Sunday, January 27, 2008

Reflections: Thought Exercise

Here is a little mental exercise which may provide some insights into the relationship between Truth and Freedom:

First, consider the epistemological implications of Rebecca Goldstein’s statement concerning the quintessence of Spinoza’s philosophy [the following excerpts are from Goldstein’s book, Betraying Spinoza]:

Reality is ontologically enriched logic.

How does what we are—the conditions of our existence—relate to what we can know?

Next, consider the following excerpt from a letter written by Spinoza in response to the letter of a former tutee, who has converted to Catholicism and subsequently written to Spinoza, condemning Spinoza’s system of thought:

If you ask me in what way I know [that I understand the true philosophy], I answer: In the same way as you know that the three angles of a triangle are equal to two right angles: that this is sufficient, will be denied by no one whose brain is sound, and who does not go dreaming of evil spirits inspiring us with false ideas like the true.

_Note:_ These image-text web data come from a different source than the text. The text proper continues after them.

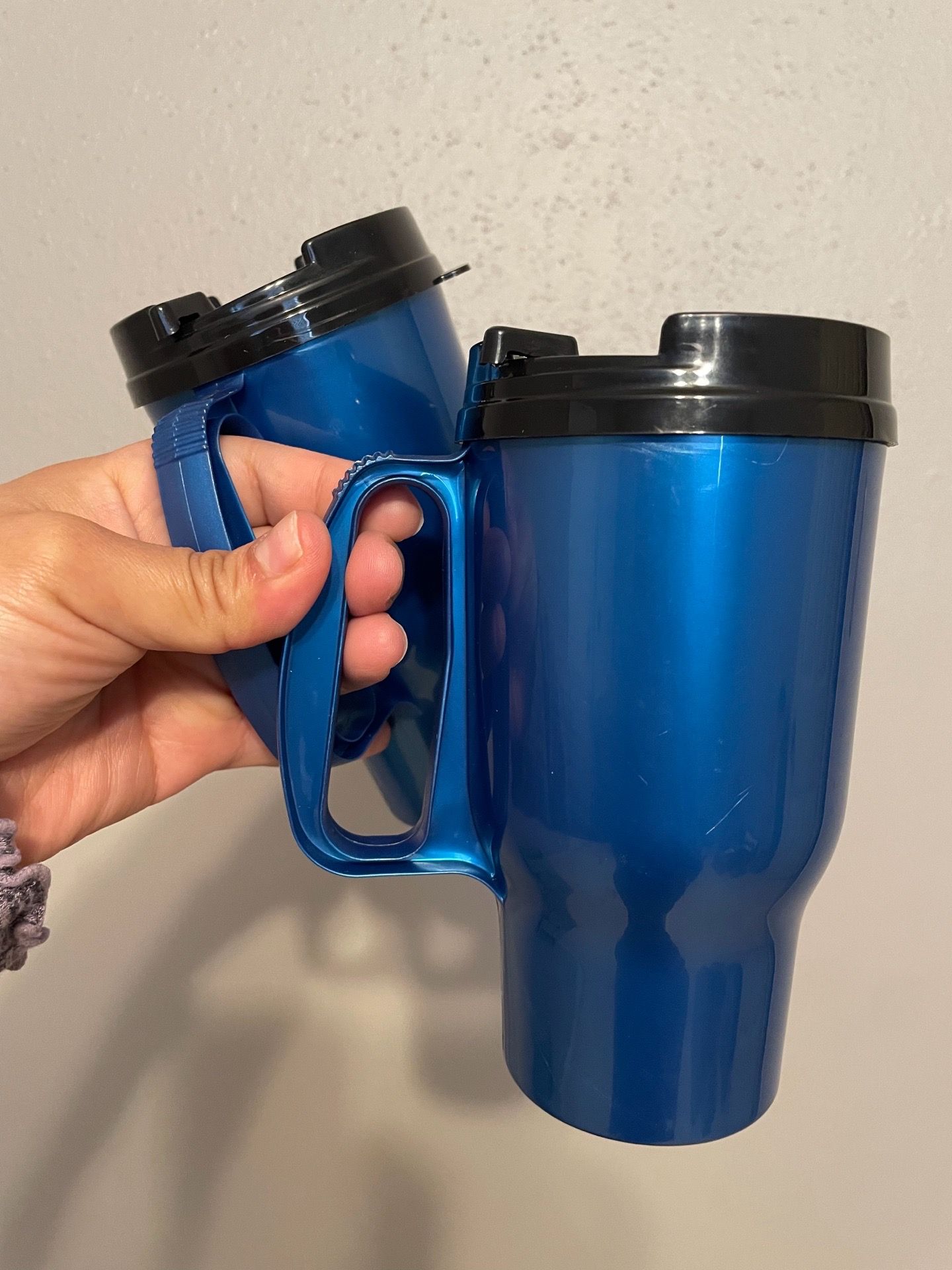 2 blue plastic thermos - 1$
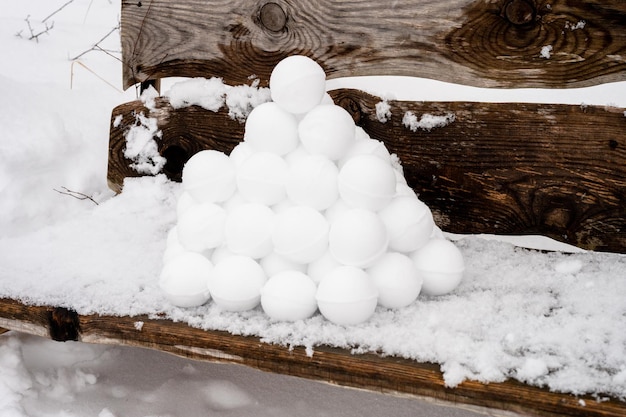 Pyramid or a pile of perfect snowballs on frosty winter day in forest or garden outdoor snowy winter season and fun entertainment in nature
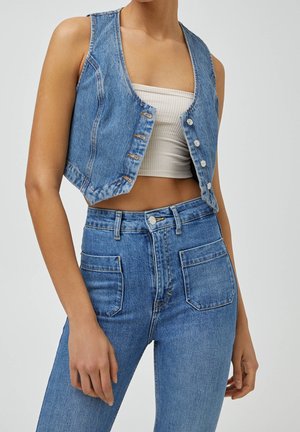 Frau trägt ärmellose blaue Jeansweste über weißem geripptem bauchfreiem Top und hochtaillierter blauer Jeans mit vorderen aufgesetzten Taschen.
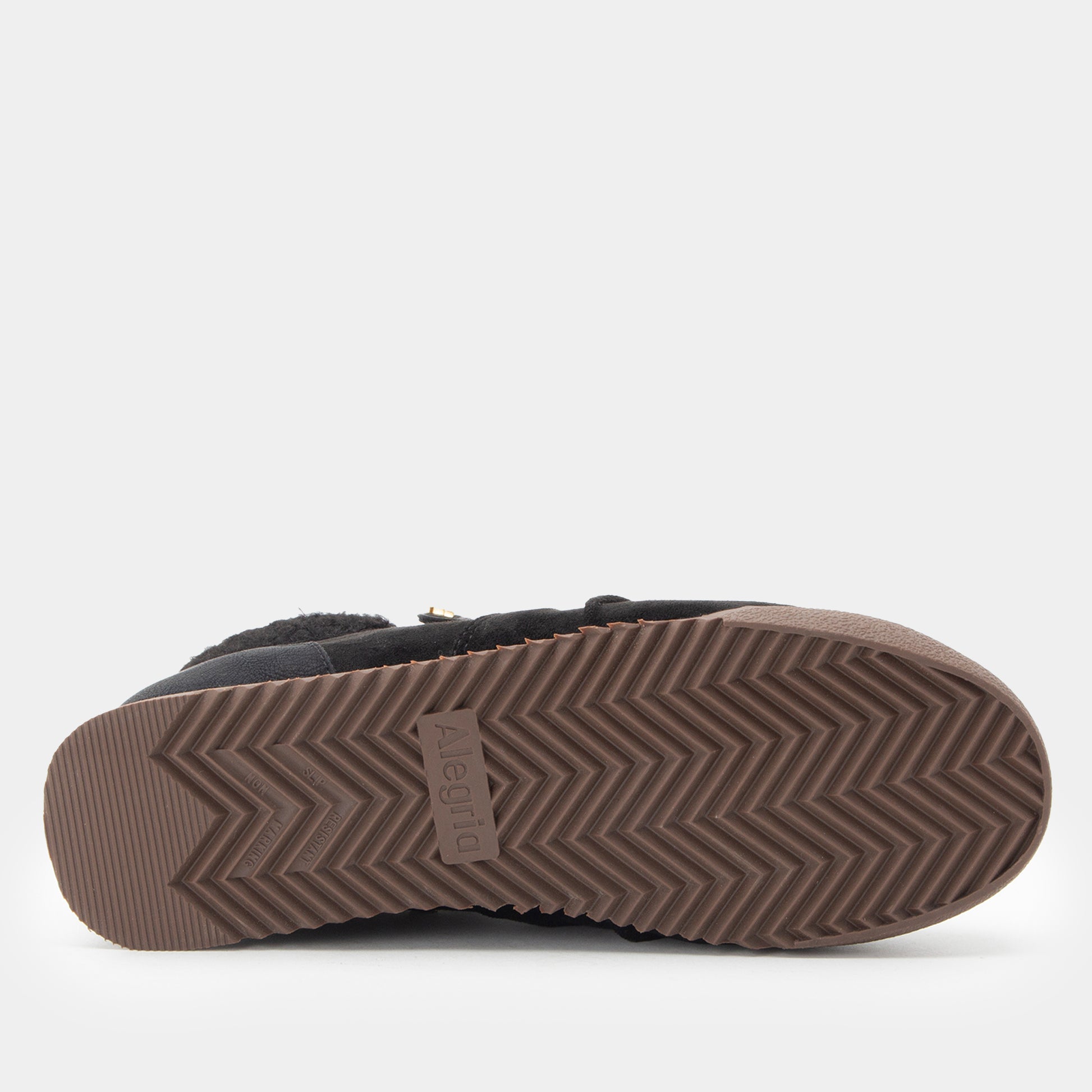 A close-up bottom view of a slipper or boot showing the brown herringbone-patterned outsole with a small 'Alegria' brand tag in the center.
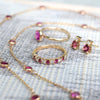Assorted pink sapphire jewelry including a Grand ring, Greenwich Solitaire earrings, Bayberry necklace, and Rosecliff ring.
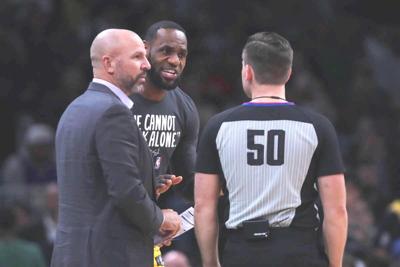 LeBron James of the Los Angeles Lakers talks with Jason Kidd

For the truth is the index of itself and of what is false.

As explained by Goldstein:

Spinoza is claiming here that since he has relied on nothing but a priori reason to deduce his system, just a mathematics relies on nothing but a priori reason, his conclusions (granted that his deductions are valid) enjoy precisely the same degree of certitude as mathematics. His conclusions, just as those of mathematics, must be necessary truths, those which could not possibly have been otherwise.

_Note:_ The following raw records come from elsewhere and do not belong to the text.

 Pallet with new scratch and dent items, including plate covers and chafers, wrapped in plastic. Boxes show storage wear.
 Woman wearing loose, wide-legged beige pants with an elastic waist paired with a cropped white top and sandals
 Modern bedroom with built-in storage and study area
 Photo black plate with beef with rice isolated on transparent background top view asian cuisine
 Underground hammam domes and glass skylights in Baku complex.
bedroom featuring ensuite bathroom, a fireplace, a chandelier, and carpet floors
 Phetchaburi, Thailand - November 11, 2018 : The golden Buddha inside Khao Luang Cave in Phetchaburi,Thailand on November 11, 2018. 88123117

Now consider the following statements of D-503, the thoroughly conditioned and indoctrinated narrator/protagonist of Eugene Zamiatin’s fictional dystopia, the United State, in the novel, WE:

The ancient god created ancient man, i.e., the man capable of mistakes; ergo, the ancient god himself made a mistake. The multiplication table is more wise and more absolute than the ancient god, for the multiplication table never (do you understand – never) makes mistakes! There are no more fortunate and happy people than those who live according to the correct, eternal laws of the multiplication table. No hesitation! No errors! There is but one truth, and there is but one path to it; and that truth is: four, and that path is: two times two. Would it not seem preposterous for these happily multiplied twos suddenly to begin thinking of some foolish kind of freedom? – i.e., …of a mistake?

Exercise:

Both Spinoza’s philosophy and the totalitarian doctrine of the United State claim to provide man—in direct opposition to religion—with his only hope of salvation. With this in mind,

1) Compare and contrast the relationship between Spinoza’s philosophy and the totalitarian doctrine of the United State, as expounded in Zamiatin’s novel.

2) If Spinoza’s philosophy cannot be shown to be fundamentally in error, what is the relationship between intellectual freedom and Objective Truth? Does the latter negate the former?

3) Consider the question: If, as is implied by the above, what we normally mean by “freedom” is a logical impossibility, what, then, are the implications for our concept of “free will”?

4) Is political “freedom” actually—if paradoxically—bondage to imaginative error and avoidable contingency?